_DATA TO USE:_
*** Begin section ***

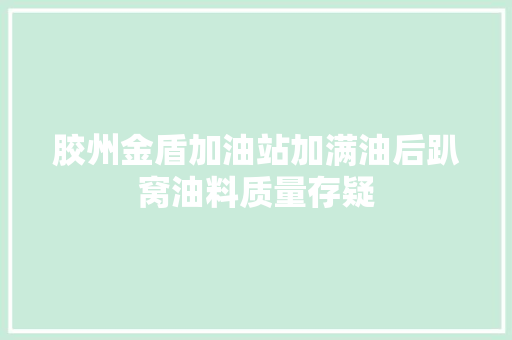胶州金盾加油站加满油后趴窝油料质量存疑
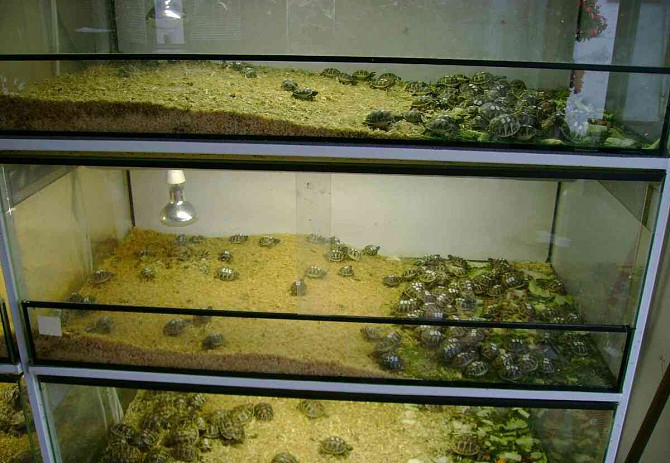 Malé suchozemské želvy + plně vybavená terária Kolín - foto 6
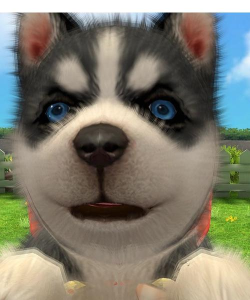 魔法狗是什么游戏,探索奇幻世界,体验独特玩法 魔法狗是什么游戏,探索奇幻世界,体验独特玩法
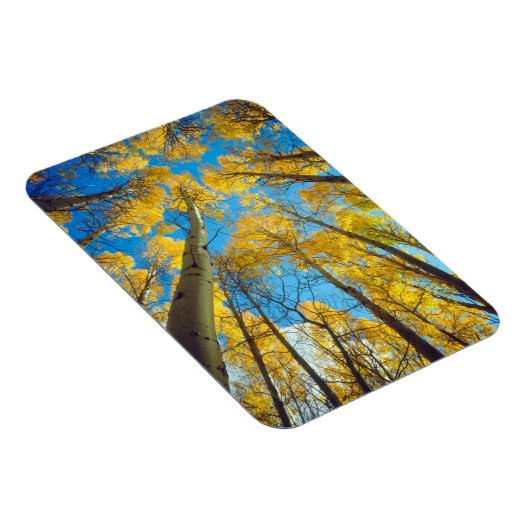 Kogelkleuren van Aspen-bomen 2 Magneet (Rechterzijde)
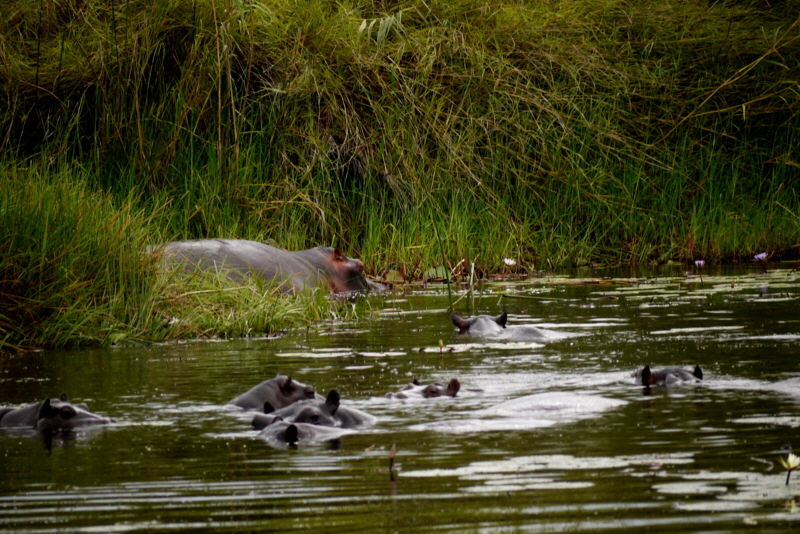 Kwetsani   Okavango Flusspferde
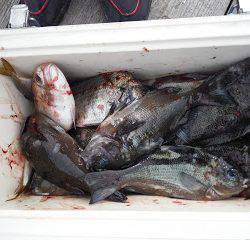 バラモン1号 釣果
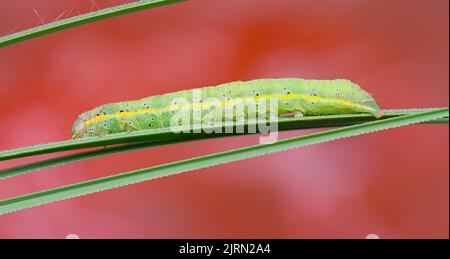 Bright-line Brown Eye Moth Caterpillar, Lacanobia oleracea, Christchurch, Großbritannien Stockfoto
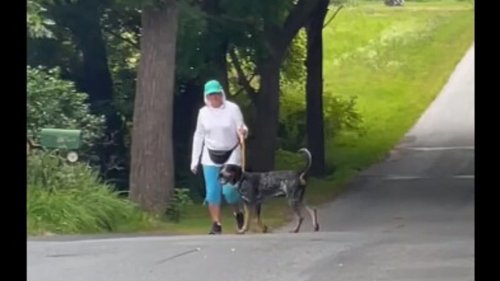 Dog waits every morning to join neighbour in her leisurely walks. Watch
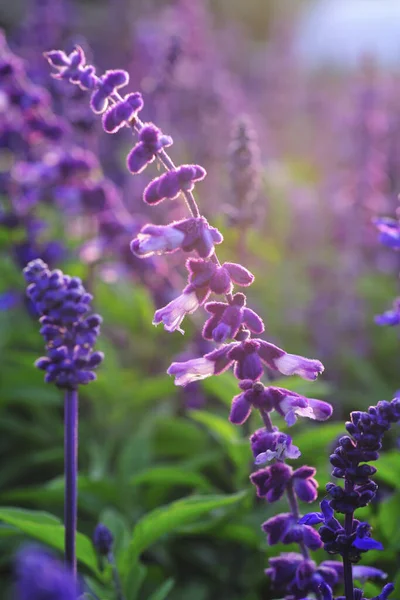 Солнечный Свет Через Фиолетовый Цветок — стоковое фото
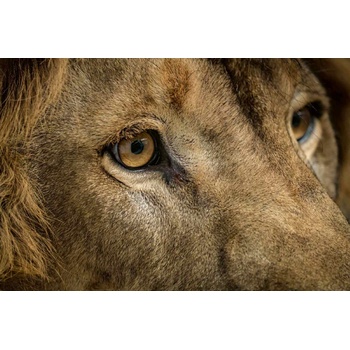 DIMEX ART s. r. o Флизелинов фототапет лъв лице 375 x 250 см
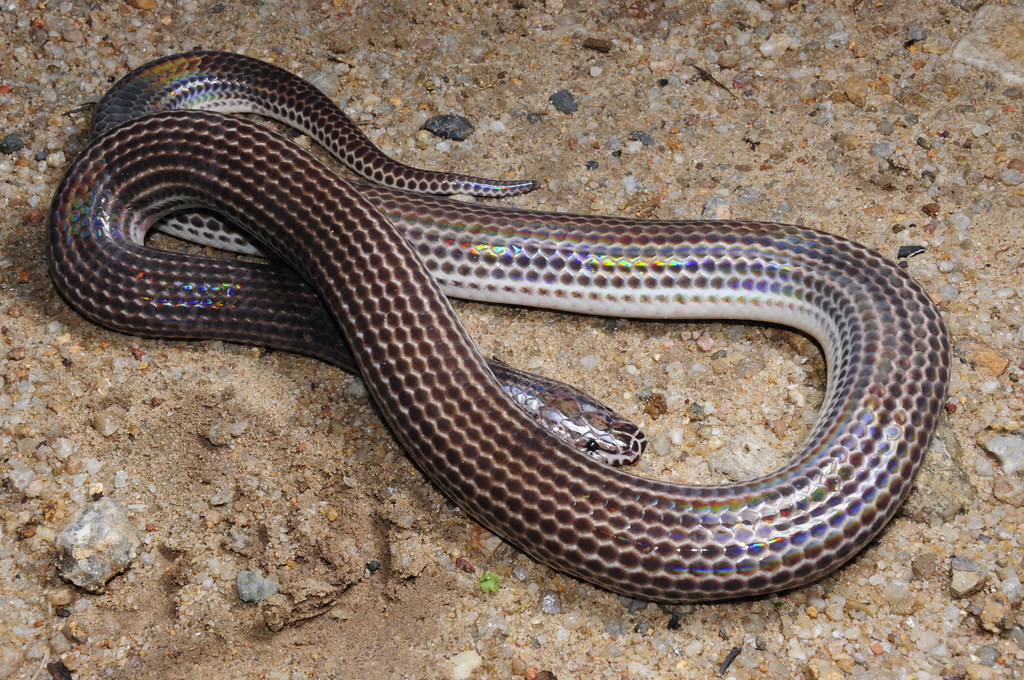 Лучистая змея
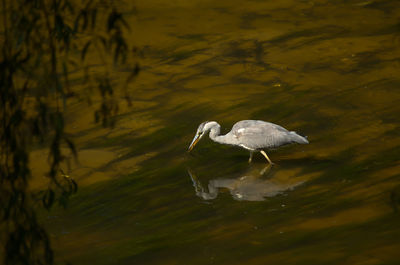 Duck swimming in a lake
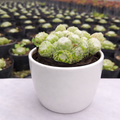 sempervivum arachnoideum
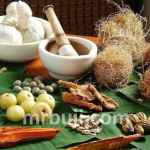 Ayurveda for One Health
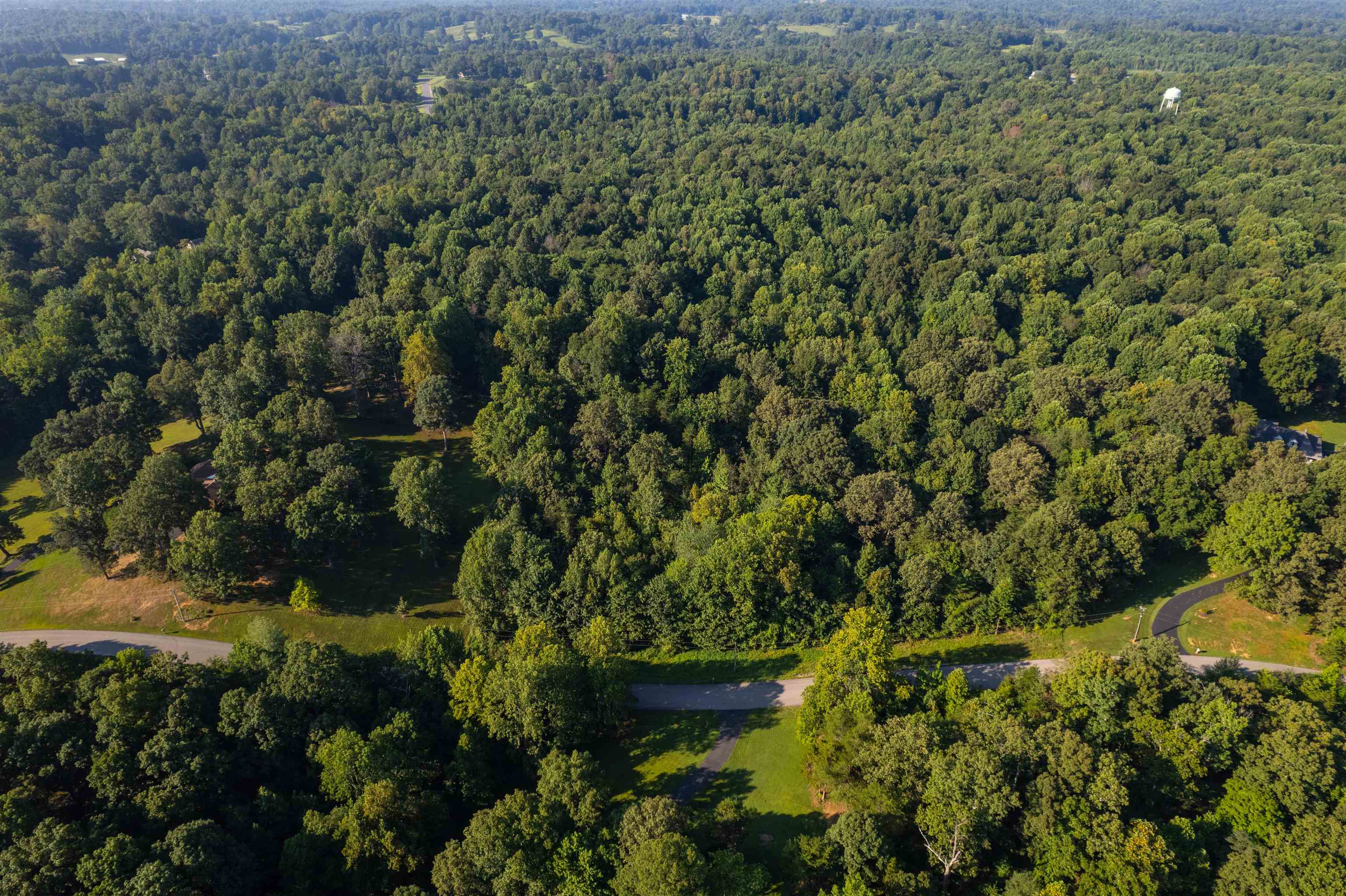 0 Otter Lake Loop - MAP OTTR-1-1-15, Hanson, Kentucky 42431, ,Land,For Sale,Otter Lake Loop - MAP OTTR-1-1-15,92854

*** End section ***

_EXERCISE DETAILS:_ With the pictures omitted, print the lines above exactly, beginning at the line with "Malé suchozemské želvy" and going on through the line with "Bright-line Brown Eye".

_THE COMPLETED TASK:_
 Malé suchozemské želvy + plně vybavená terária Kolín - foto 6
 魔法狗是什么游戏,探索奇幻世界,体验独特玩法 魔法狗是什么游戏,探索奇幻世界,体验独特玩法
 Kogelkleuren van Aspen-bomen 2 Magneet (Rechterzijde)
 Kwetsani   Okavango Flusspferde
 バラモン1号 釣果
 Bright-line Brown Eye Moth Caterpillar, Lacanobia oleracea, Christchurch, Großbritannien Stockfoto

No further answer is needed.